Dengan demikian, saya ingin menarik kesimpulan berdasarkan Undang-Undang yang berlaku bahwa Mendagri sepertinya butuh minum air mineral AQUA. Sepertinya Pak Menteri harus banyak minum AQUA yah Pak supaya bisa fokus. Menjadi menteri itu berat Pak, tapi tidak apa-apa, kalau tidak sanggup kasi saya saja. Hahaha
Dan yang paling aneh bagi saya adalah ketika munculnya Permendagri Nomor 1 tahun 2018 yang baru ditandatangani tanggal 9 Januari 2018 lalu. Dalam pasal 4 ayat 2 "Penjabat Gubernur berasal dari pejabat pimpinan tinggi madya/setingkat di lingkup pemerintahan pusat/provinsi". Ini sengaja diteken untuk meloloskan kebijakan Pak Tjahjo atau bagaimana? Aneh. (Kumparan, Kamis 25 Januari 2018)
Ini mah namanya membuat Permen untuk melawan Undang Undang. Saya langsung teringat dengan kebijakan pemerintah untuk menghapus sekitar 3.000 Peraturan Daerah (Perda) yang ketika itu didukung oleh Pak Tjahjo. Salah satu alasannya karena bertentangan dengan Konsitusi dan peraturan perundangan yang lebih tinggi. (Viva, Selasa, 21 Juni 2016).
Eh malah Pak Tjahjo sendiri buat Permen yang bertentangnan dengan Undang Undang. Aduh (Tepuk Jidat). Pak Tjahjo bilang "Gak ada (langgar UU Kepolisian). Itu urusan aparatur negara apapun dibawah Kapolri sama-sama dengan Menkopolhukam, Dirjen, Sekjen kami, staf ahli, sama aja". (RMOL, Sabtu, 27 Januari 2018).

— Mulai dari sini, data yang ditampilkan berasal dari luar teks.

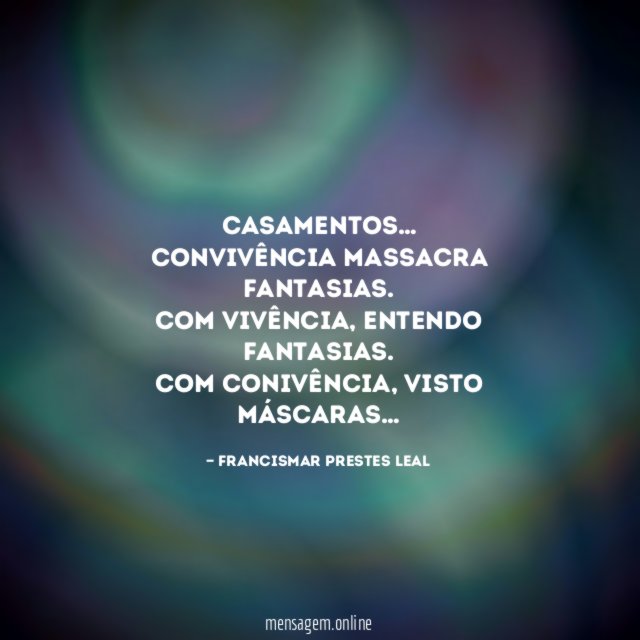 Casamentos…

Mungkin Pak Tjahjo tidak pernah baca Undang Undang Nomor 2 tahun 2002 tentang Polri, terutama dalam pasal 28 ayat 3. Aduh (Tepuk jidat). Kan sangat jelas disana Pak Tjahjo. Bapak betul-betul butuh AQUA ini deh. Atau jalan-jalanki ke Makassar Pak Tjahjo, baru saya traktirki AQUA. hehehe
Khusus untuk Pak Mochamad Iriawan dan Pak Martuani Sormin. Jika Bapak menerima pinangan Pak Tjahjo tanpa bapak mengundurkan diri, maka bapak juga butuh AQUA. Olehnya itu, jangan buat diri Bapak dan Institusi Bapak menjadi bulang-bulangan bullyan rakyat hanya karena persolan yang sangat sederhana yang dibuat rumit ini.

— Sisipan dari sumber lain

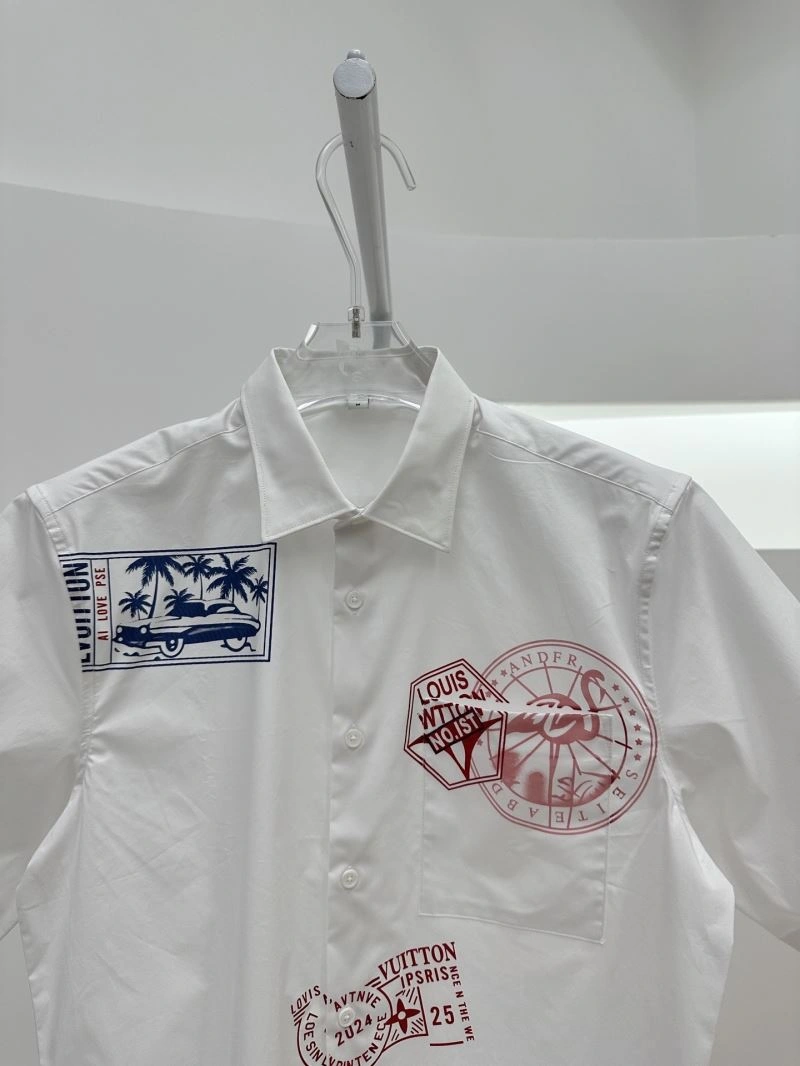 Thermal Louis Vuitton Shirts 139012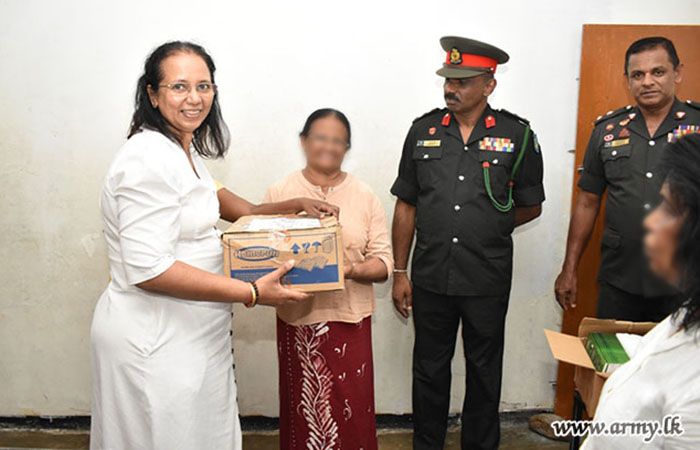 Security Forces (East) Conducts a  Donation Programme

Terakhir untuk Pak Tjahjo. Kan Bapak seperti ngotot memberikan memberikan usulan ini karena alasan keamanan pada Pilkada Jabar dan Sumut. Tapi Pak, kok tidak dilirik daerah saya di Sulsel yang juga akan melaksanakan Pilgub mendatang. Kan daerah ini juga masuk daerah zona merah Pak.
Atau tidak dilirik karena jumlah suaranya hanya sekitar 6.800.000 yah Pak. Sangat jauh berbeda kan dengan Jabar yang merupakan pemilih suara terbanyak secara nasional yang mencapai sekitar 32.000.000 dan Sumut jumlah pemilihnya sekitar 9.000.000. Entahlah.